Published in Proceedings of the 58th IEEE Electronics Components and Technology Conference: Lake Buena Vista, FL, May 27, 2008, pages 1173-1180.
The definitive version is available at https://doi.org/10.1109/ECTC.2008.4550124.
This paper presents the drop test reliability of 0.5 mm pitch lead-free chip scale packages (CSPs). Fifteen 0.5 mm pitch CSPs were assembled on a standard JEDEC drop reliability test board with Sn3.0Ag0.5Cu lead-free solder. Eight boards were edge-bonded with a UV-cured acrylic; eight boards were edge- bonded with a thermal-cured epoxy; and twelve boards were assembled without edge bonding.

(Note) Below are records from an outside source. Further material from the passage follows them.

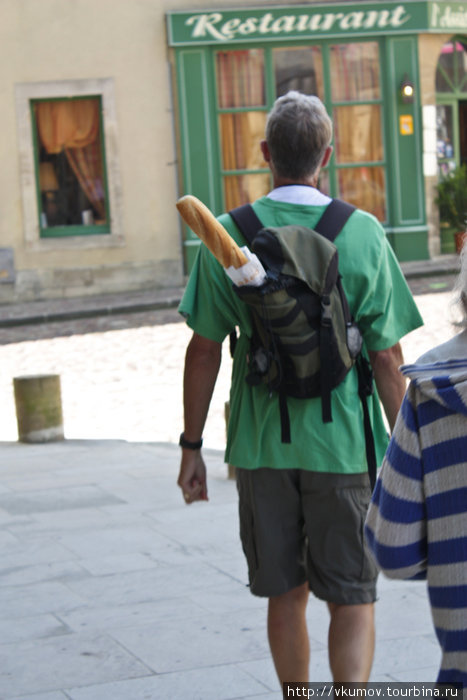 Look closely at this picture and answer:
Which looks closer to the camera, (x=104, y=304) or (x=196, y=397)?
(x=196, y=397)

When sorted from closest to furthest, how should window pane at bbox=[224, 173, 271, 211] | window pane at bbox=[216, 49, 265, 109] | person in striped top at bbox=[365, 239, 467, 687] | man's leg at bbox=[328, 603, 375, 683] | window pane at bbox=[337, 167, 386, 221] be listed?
1. person in striped top at bbox=[365, 239, 467, 687]
2. man's leg at bbox=[328, 603, 375, 683]
3. window pane at bbox=[216, 49, 265, 109]
4. window pane at bbox=[224, 173, 271, 211]
5. window pane at bbox=[337, 167, 386, 221]

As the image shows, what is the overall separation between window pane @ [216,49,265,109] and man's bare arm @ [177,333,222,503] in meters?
16.6

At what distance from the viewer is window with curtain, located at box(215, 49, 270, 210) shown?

Half of the edge-bonded test boards were subjected to drop tests at a peak acceleration of 1500 G with a pulse duration of 0.5 ms, and the other half subjected to drop tests at a peak acceleration of 2900 G with a pulse duration of 0.3 ms. Half of the test boards without edge bonding were subjected to drop tests at a peak acceleration of 900 G with a pulse duration of 0.7 ms, and the other half subjected to drop tests at a peak acceleration of 1500 G with a pulse duration of 0.5 ms. Two drop test failure detection systems were used in this study to monitor the failure of solder joints: a high-speed resistance measurement system and a post-drop static resistance measurement system. The high-speed resistance measurement system, which has a scan frequency of 50 KHz and a 16-bit signal width, is able to detect intermittent failures during the short drop impact duration. Statistics of the number of drops to failure for the 15 component locations on each test board are reported. The effect of component position on drop test reliability is discussed. The test results show that the drop test performance of edge-bonded CSPs is five to eight times better than the CSPs without edge bonding. However, the drop test reliability of edge-bonded CSPs with the thermal-cured epoxy is different from that with edge-bonded CSPs with the UV-cured acrylic. The solder crack location and crack area are characterized with the dye penetrant method. The fracture surfaces are studied using scanning electron microscopy (SEM).